8.07.2009

Sanders and Merkley

This week's climate heroes:
This legislation would dedicate 2% of revenues from climate change legislation to fund combined heat and power, waste energy recovery, and district energy projects. Based on various estimates, this could mean roughly between $1 billion and $1.5 billion per year for clean energy infrastructure. The Thermal Energy Efficiency Act would provide 40% of its funding for institutional entities (defined as public or non-profit hospitals, local and state governments, school districts and higher education facilities, tribal governments, municipal utilities, or their designees), 40% for commercial and industrial entities, and 20% to be used in the discretion of the Secretary of Energy to fund institutional entity projects, commercial and industrial projects, or federal facility projects.
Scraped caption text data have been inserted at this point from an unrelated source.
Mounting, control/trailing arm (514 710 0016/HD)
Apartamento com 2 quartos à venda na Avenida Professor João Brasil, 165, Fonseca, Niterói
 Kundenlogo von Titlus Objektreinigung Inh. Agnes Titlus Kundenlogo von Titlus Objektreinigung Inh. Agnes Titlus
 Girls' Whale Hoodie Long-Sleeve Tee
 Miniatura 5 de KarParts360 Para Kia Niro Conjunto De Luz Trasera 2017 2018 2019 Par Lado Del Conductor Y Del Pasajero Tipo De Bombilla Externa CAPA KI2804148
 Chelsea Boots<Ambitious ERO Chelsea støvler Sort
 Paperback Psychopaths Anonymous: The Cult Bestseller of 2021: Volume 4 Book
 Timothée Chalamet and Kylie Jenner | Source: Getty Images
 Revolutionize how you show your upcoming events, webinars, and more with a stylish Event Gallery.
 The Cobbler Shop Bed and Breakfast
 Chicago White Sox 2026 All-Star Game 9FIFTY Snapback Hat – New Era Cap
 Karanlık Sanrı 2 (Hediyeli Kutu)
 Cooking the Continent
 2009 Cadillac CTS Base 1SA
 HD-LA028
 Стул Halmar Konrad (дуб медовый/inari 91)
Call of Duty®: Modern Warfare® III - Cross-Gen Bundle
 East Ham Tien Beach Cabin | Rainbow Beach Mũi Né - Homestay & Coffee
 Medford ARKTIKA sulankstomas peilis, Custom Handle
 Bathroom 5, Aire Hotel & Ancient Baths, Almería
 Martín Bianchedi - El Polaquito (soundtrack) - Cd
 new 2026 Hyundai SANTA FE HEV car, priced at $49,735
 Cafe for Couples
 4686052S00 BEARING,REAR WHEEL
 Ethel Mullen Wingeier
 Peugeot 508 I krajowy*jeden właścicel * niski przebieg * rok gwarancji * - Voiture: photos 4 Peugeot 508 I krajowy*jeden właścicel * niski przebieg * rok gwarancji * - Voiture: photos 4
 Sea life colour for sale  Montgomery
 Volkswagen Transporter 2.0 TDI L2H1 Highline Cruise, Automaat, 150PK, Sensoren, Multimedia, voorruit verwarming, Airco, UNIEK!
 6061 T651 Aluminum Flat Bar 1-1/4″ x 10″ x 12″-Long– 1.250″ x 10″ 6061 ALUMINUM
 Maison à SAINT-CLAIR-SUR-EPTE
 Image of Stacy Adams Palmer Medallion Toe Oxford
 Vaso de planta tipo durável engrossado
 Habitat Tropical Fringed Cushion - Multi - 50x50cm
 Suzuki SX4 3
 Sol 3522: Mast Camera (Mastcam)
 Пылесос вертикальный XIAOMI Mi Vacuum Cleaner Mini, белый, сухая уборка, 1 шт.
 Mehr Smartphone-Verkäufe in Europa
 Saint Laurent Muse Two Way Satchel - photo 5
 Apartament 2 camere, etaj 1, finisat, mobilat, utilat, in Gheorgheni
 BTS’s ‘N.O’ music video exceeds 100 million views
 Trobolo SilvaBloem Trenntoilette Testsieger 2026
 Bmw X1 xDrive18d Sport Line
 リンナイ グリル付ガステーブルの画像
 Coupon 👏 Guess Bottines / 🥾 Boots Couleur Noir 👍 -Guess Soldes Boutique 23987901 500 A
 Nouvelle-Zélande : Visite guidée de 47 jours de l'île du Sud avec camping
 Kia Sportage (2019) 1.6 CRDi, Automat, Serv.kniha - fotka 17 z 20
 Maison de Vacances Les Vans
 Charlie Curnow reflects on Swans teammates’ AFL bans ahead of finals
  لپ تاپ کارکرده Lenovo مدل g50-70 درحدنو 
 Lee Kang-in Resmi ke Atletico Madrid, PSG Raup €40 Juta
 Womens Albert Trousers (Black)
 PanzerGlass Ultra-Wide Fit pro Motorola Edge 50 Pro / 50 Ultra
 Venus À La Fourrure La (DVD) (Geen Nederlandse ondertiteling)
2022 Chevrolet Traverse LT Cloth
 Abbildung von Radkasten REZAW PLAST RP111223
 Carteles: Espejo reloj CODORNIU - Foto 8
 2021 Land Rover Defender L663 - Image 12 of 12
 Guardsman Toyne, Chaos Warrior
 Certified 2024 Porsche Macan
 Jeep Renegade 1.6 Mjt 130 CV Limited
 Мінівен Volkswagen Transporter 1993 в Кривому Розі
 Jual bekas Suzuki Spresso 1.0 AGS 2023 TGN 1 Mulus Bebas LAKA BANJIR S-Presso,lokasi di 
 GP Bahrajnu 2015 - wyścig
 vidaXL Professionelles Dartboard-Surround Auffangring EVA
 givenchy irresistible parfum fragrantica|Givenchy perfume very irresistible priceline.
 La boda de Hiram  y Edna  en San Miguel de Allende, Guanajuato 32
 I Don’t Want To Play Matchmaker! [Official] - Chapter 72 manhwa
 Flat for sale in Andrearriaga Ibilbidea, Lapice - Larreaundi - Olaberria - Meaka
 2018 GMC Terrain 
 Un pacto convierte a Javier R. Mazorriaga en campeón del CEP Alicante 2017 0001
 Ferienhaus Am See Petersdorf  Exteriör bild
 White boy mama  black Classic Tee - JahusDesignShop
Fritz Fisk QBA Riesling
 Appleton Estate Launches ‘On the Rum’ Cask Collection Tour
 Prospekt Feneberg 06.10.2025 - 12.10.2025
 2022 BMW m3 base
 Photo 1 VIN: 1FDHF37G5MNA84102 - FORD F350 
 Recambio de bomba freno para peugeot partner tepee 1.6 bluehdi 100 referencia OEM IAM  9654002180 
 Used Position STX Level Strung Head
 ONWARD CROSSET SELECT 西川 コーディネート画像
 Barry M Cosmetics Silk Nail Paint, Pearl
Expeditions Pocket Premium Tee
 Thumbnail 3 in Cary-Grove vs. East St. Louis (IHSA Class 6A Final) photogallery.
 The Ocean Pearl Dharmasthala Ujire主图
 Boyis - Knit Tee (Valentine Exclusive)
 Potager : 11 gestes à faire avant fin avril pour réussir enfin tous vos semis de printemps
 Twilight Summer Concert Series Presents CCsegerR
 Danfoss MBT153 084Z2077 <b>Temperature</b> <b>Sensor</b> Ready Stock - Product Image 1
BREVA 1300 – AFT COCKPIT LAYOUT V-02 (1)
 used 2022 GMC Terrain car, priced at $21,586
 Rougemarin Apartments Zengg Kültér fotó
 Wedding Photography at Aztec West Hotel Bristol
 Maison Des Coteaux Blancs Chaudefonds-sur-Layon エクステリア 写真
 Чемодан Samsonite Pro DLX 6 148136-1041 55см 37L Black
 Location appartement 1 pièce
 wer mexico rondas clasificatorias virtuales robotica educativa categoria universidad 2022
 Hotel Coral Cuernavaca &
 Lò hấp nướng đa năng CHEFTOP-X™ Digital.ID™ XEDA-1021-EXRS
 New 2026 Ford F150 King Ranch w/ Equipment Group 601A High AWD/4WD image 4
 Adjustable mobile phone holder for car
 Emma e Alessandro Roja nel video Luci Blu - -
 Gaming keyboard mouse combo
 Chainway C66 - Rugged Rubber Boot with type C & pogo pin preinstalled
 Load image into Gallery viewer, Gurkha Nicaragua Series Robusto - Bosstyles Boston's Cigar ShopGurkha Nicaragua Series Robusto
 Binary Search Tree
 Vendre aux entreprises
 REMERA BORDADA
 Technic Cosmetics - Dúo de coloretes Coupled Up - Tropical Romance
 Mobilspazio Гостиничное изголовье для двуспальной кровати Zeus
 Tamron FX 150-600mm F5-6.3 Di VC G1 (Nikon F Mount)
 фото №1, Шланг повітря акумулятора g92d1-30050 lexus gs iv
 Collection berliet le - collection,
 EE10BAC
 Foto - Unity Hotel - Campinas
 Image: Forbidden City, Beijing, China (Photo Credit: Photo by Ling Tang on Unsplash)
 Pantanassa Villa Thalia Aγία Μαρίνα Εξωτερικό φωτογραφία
A match is required of all non-federal applicants, starting at 25% from 2012-2017, and rising to 50% from 2018-2050. The breakdown of how the money would be used is 75% for construction of infrastructure, 15% for planning, engineering, and feasibility studies, and the remaining 10% to be used at the discretion of the Secretary for either infrastructure or planning, depending on the need.

Thermal energy and combined heat and power (CHP) offer a huge opportunity for efficiency and emissions reduction using today’s technology. CHP can be used with a variety of fuel sources, including coal, natural gas, geothermal, biomass, oil, and waste.

According to the Department of Energy, moving from having 9% of our electric power as CHP today to 20% by 2030 would:

* avoid 60% of our projected increase in carbon dioxide emissions (equivalent to taking half of all passenger vehicles in the U.S. today off the road),
* create more than 1 million new jobs, and
* leverage new investments of $234 billion.

In order to achieve this, however, we need to increase long-term funding support for these systems. DOE has a stimulus-related funding application for $156 million for CHP, waste energy, and district energy. They have received 359 applications for projects valued at $9.2 billion. This represents a 25 to 1 ratio in terms of funding need to federal funding available. Based on the federal match, this shows that additional federal funding could leverage billions in state, local, and private sector dollars if more federal funding was available.
Lose less money by reusing the heat, and save the environment. This is probably the most significant step forward I've seen in a long time. $156 million is available, and pent-up demand for $9.2 billion is out there? Cash for Clunkers step aside!